Injecting some venom into the rivers of an economy that appeared to be firing on all cylinders was the least of millennials’ concerns as we graduated into an economy literally on the verge of imploding.

Maybe saving money is a good idea?

Living through such an intense period of economic growth, you’d forgive millennials for maybe focusing on making money rather than saving it. However, when millions lost their homes and jobs in 2008, entering a shaky job market was all fun and games.

Whether it was a high-rate savings account, a savings bond or alternative investments such as gold, property or specific funds, saving money and growing your investment became the main priority for millions of us.

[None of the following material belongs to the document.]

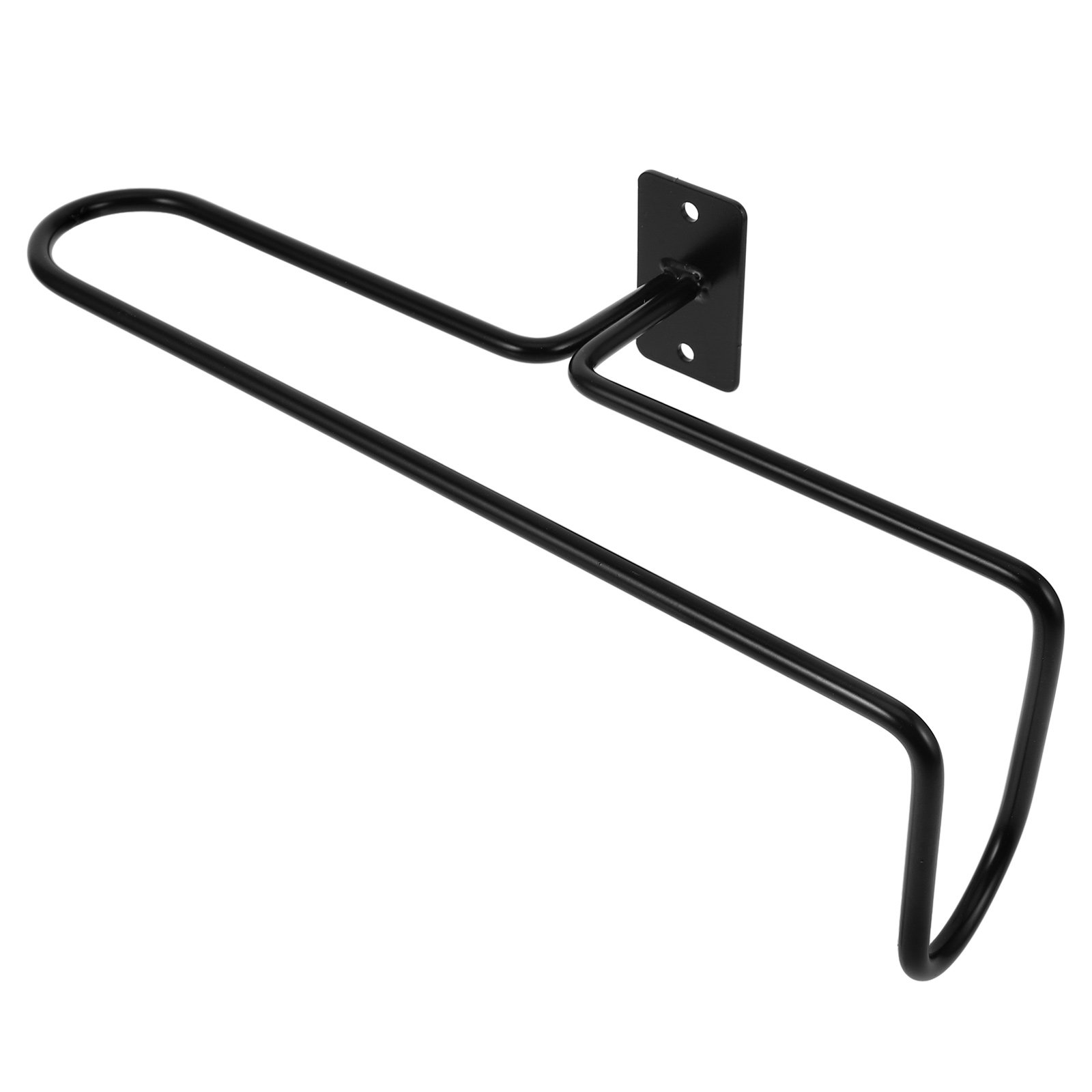 Motorcycle Gear Hanger - Stand Pajangan Sepatu Boot, Rak Perlengkapan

There were some well-structured bailouts, mainly stemming from the United Kingdom. Although the eye-watering losses climbed to over $25bn, the alternative was a complete meltdown of the current system. Thankfully, the banking industry lived to fight another day and everybody rejoiced.

Effective ways to save money

Fast forward some years and we’re now trying to climb the property ladder with currencies that are plummeting in real value, and interest rates that are giving us migraines, adding to the current concoction of ridiculously high costs of essential basics such as food, rent and gas.

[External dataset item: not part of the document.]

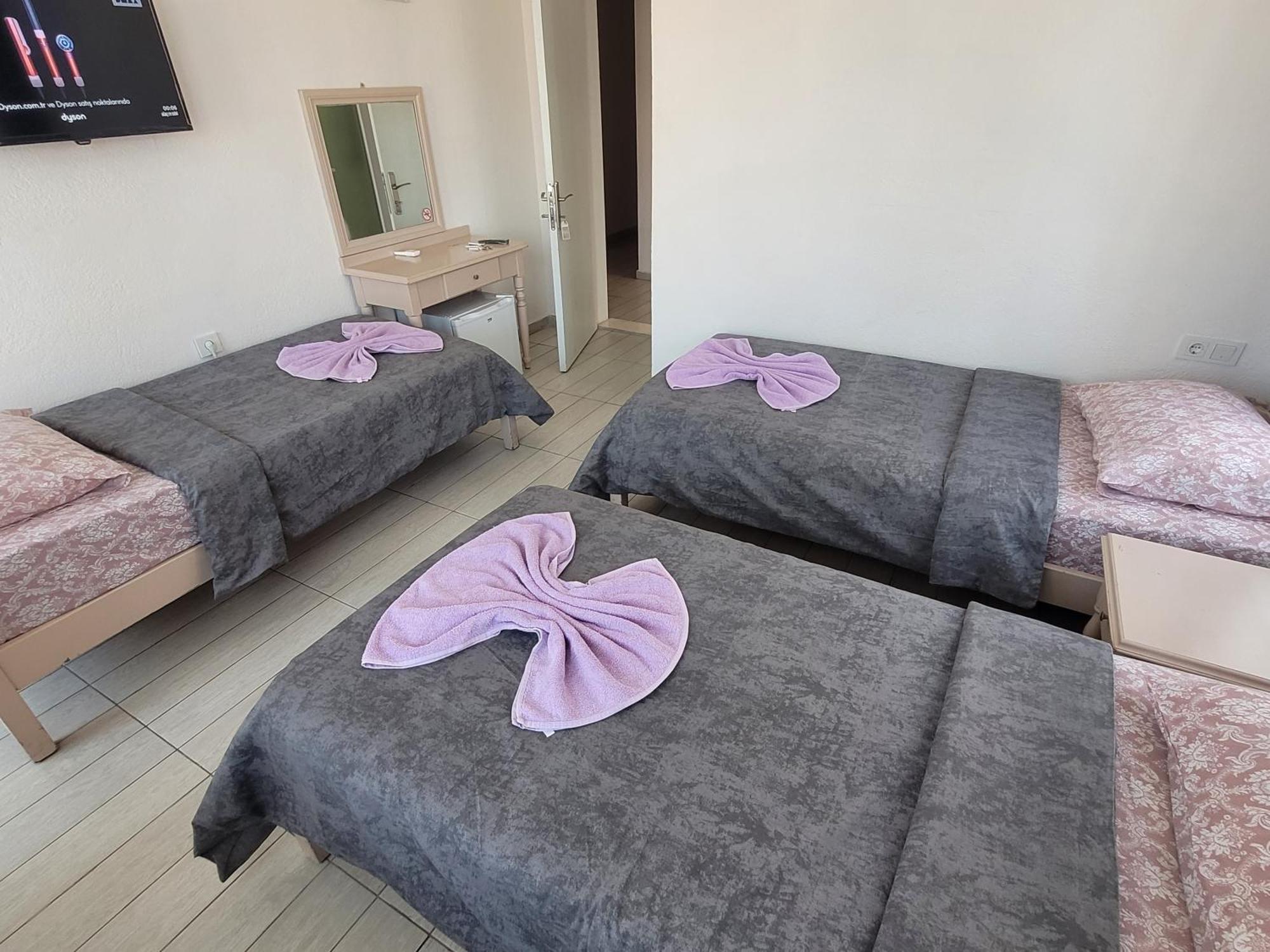 Cetin Pansiyon Fethiye Exterior foto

Once we lump in the fact that inflation is also threatening to bring the whole show to a halt, millennials are learning just how well the previous generation looked after their economic interests. Let’s look at a few practical ways to save money:

  • Buy and cook in bulk – by shopping at discount stores and making enough meals for the rest of the week, you’ll be surprised at how quickly the cents can start to add up.
  • Wear layers around the house – if it is a frigid evening, save money on electricity or gas by putting on an extra layer to keep yourself warm.
  • Cut down on takeout foods – we all love to order our favorite meals from time to time to save the hassle of cooking. However, skipping one or two of these monthly can add up over a year.
  • Public transport or car – this can be more problematic depending on where you live but if you live and work in the city, public transport can often be just as quick as a car and you spend far less money. Carpooling is another good solution to reduce expensive gas costs, and allows you to focus more on sustainable travel.
  • Move back in with your parents (if they’ll let you!) – another strong suggestion if you want to save those dollars. While we all know moving back in with relatives can be a headache, this is the most effective way to hold on to your money and accumulate enough to watch your savings multiply.

Conclusion

When saving money, many people will follow some of our highlighted points, regardless of their generation. They’re all handy tips to consider to keep your costs minimized. We aren’t saying they will work for everybody, but even if you just take a couple of them on board and apply them to your everyday routine, you may be surprised to see how much money you begin to save.